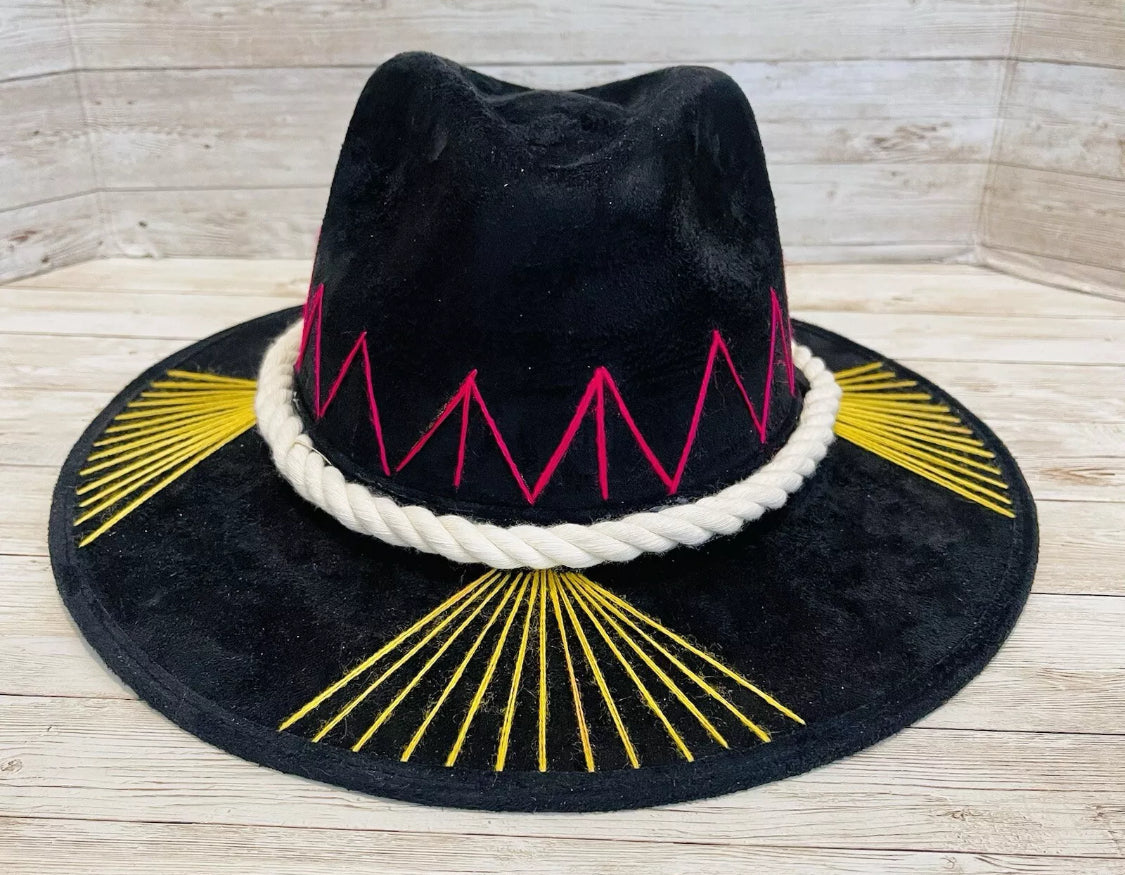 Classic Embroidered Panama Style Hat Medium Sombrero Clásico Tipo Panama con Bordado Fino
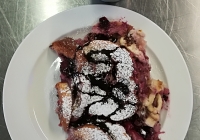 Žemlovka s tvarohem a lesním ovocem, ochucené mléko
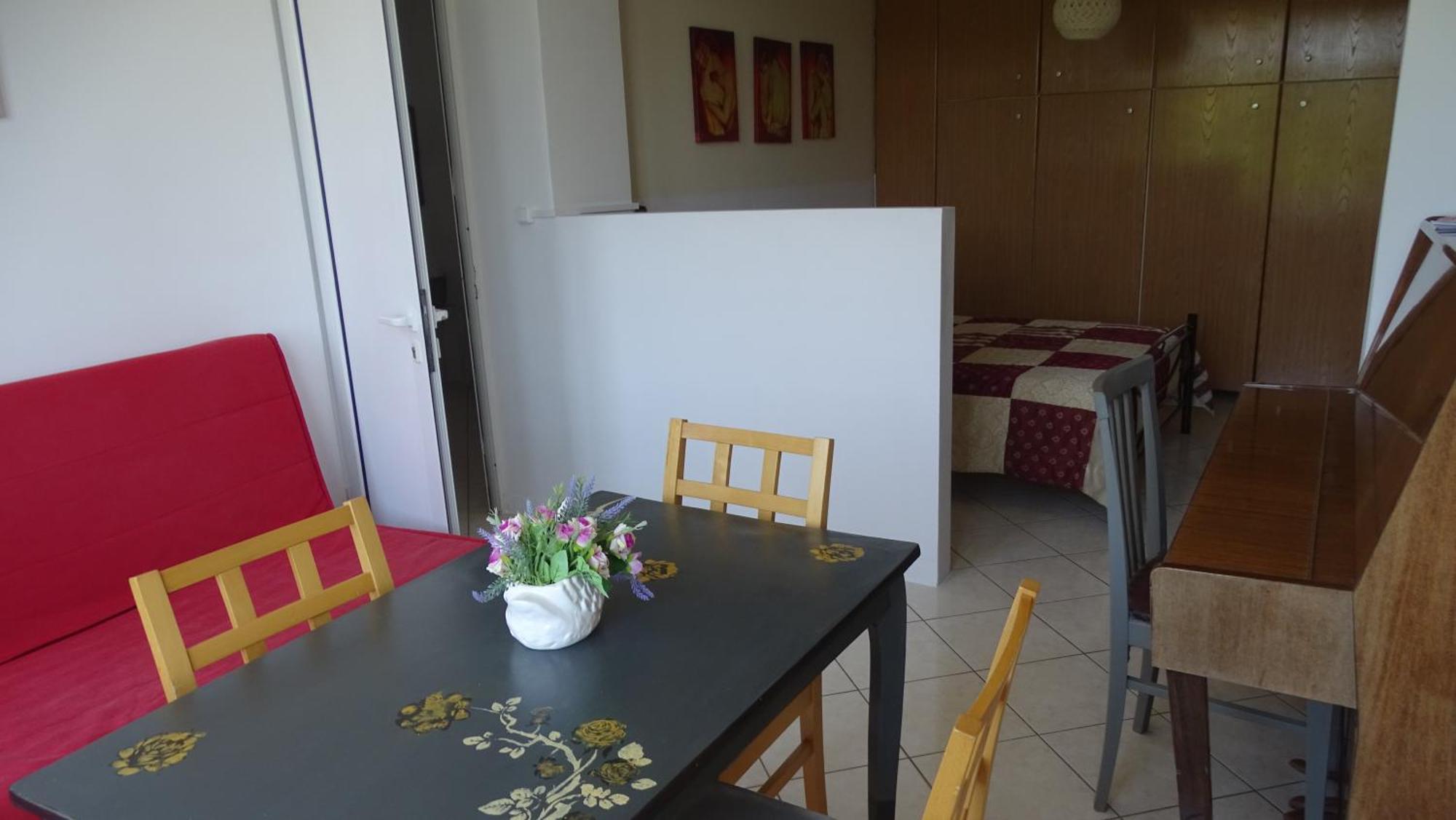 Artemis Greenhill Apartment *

* * *

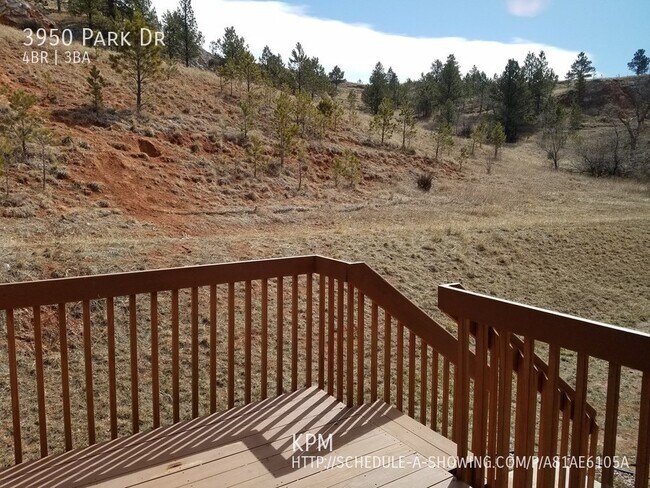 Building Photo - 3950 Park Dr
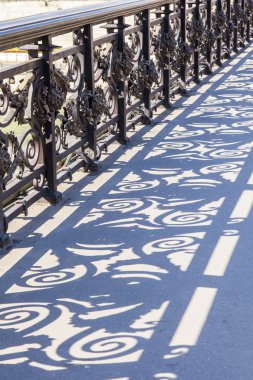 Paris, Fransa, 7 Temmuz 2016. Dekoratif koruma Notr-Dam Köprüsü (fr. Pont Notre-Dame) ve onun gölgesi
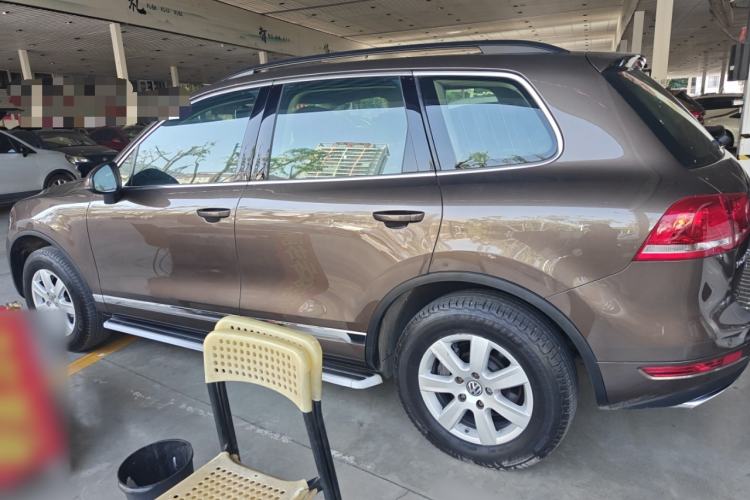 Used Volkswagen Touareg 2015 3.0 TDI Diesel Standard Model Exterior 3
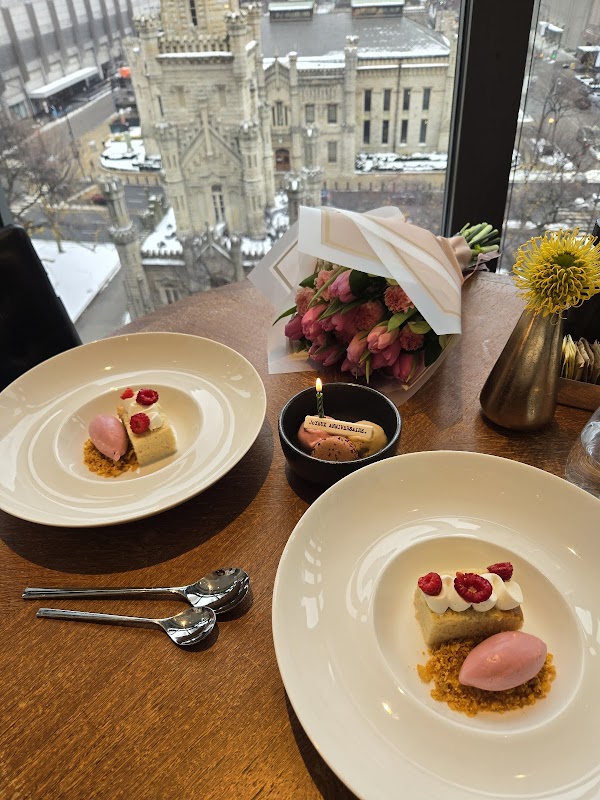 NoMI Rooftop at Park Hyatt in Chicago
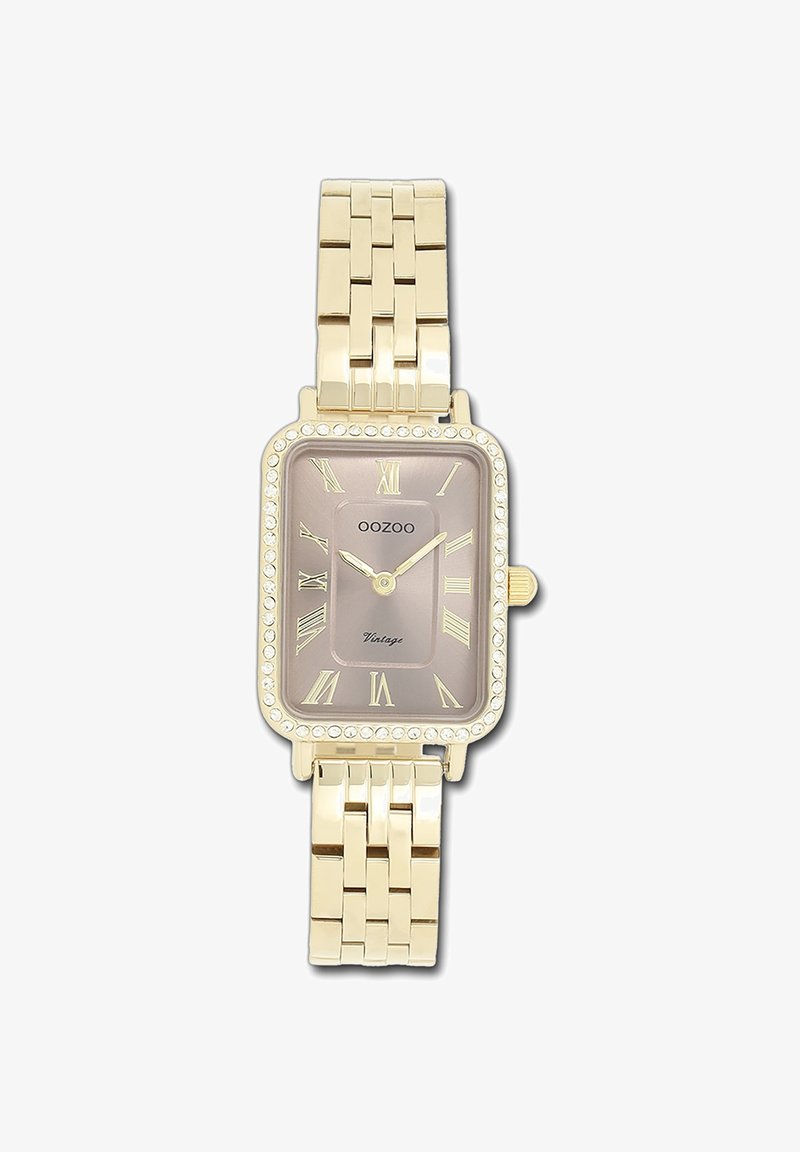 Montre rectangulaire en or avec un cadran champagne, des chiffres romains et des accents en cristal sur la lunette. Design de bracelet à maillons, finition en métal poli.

---

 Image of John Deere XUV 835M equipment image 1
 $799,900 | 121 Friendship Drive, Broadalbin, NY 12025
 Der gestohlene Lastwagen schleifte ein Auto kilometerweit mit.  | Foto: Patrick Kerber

EXERCISE GOAL —
For the material above, give again only the lines starting at the line that contains "Paris, Fransa, 7" and ending at the line that contains "Montre rectangulaire en". Pictures do not belong in the copy.

RESULT OF THE TASK —
 Paris, Fransa, 7 Temmuz 2016. Dekoratif koruma Notr-Dam Köprüsü (fr. Pont Notre-Dame) ve onun gölgesi
 Used Volkswagen Touareg 2015 3.0 TDI Diesel Standard Model Exterior 3
 NoMI Rooftop at Park Hyatt in Chicago
 Montre rectangulaire en or avec un cadran champagne, des chiffres romains et des accents en cristal sur la lunette. Design de bracelet à maillons, finition en métal poli.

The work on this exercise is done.